Robotics and STEM integration programs serve up real-world problems to students who talk, test, and tinker their way toward solutions.
Just ask Nik Gruber, a Flinn Scholar who began his foray into robotics as a fourth-grader at Sunrise Drive Elementary School.
“It helped me with problem-solving skills, research, and teamwork skills, which weren’t that good in fourth or fifth grade,” Nik said of joining the First Lego League, a program for students in grades 4 to 9. Today, Nik is a senior at the University of Arizona who is aiming to earn a graduate degree in Chemical Engineering in Spring 2025 by way of an accelerated master’s program.
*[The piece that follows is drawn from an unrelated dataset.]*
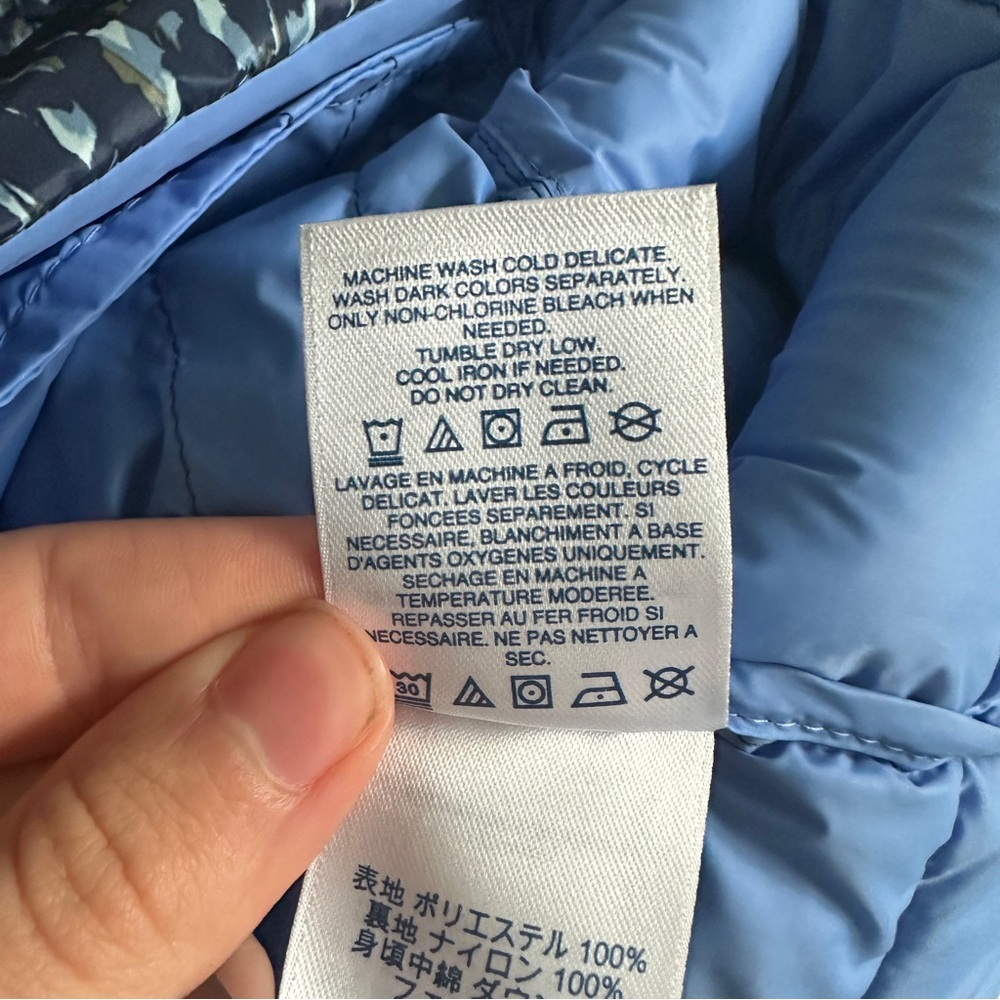 Lands' End Blue Pattern Down Puffer Jacket Medium… - image 6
“I’ve always been good at math so (the experience) didn’t really point me more toward engineering than I was already headed, but it gave me a lot of skills that a lot of engineers do not actually have,” Nik said, adding that, “in the robotics program we had to do skits for a research project and that was really helpful towards my public speaking and research in general.”
Noah Mickey-Colman, a STEM Integration Specialist at Ventana Vista Elementary School, said that his mission is to “ignite curiosity and empower young minds” to believe that they can solve any problem. “I am motivated by preparing students for a world where technology and empathy can go hand in hand,” he said, adding that his young students often surprise him by assigning feelings to their mechanical friends and enjoy cheering on a robot that is “struggling.”
An example of a First Lego League team project last year examined the challenge of energy efficiency. Through research, students discovered that more than half of the energy produced by solar cells is wasted and does not get used, Mickey-Colman said, resulting in what is referred
to as a Duck Curve — a graphical representation of the problem.
“This team, The Duckbusters, discovered the best way to combat this problem is to get people to move their energy consumption to off peak hours during the day when the sun is out. The Duckbusters created a
video game that people could play to educate themselves on this problem and its solutions,” Mickey-Colman noted.
“The growth of my students is my greatest reward,” Mickey-Colman said. “I love the look in a child’s eyes when they build their first robot or learn something that they are excited by. It is magical.”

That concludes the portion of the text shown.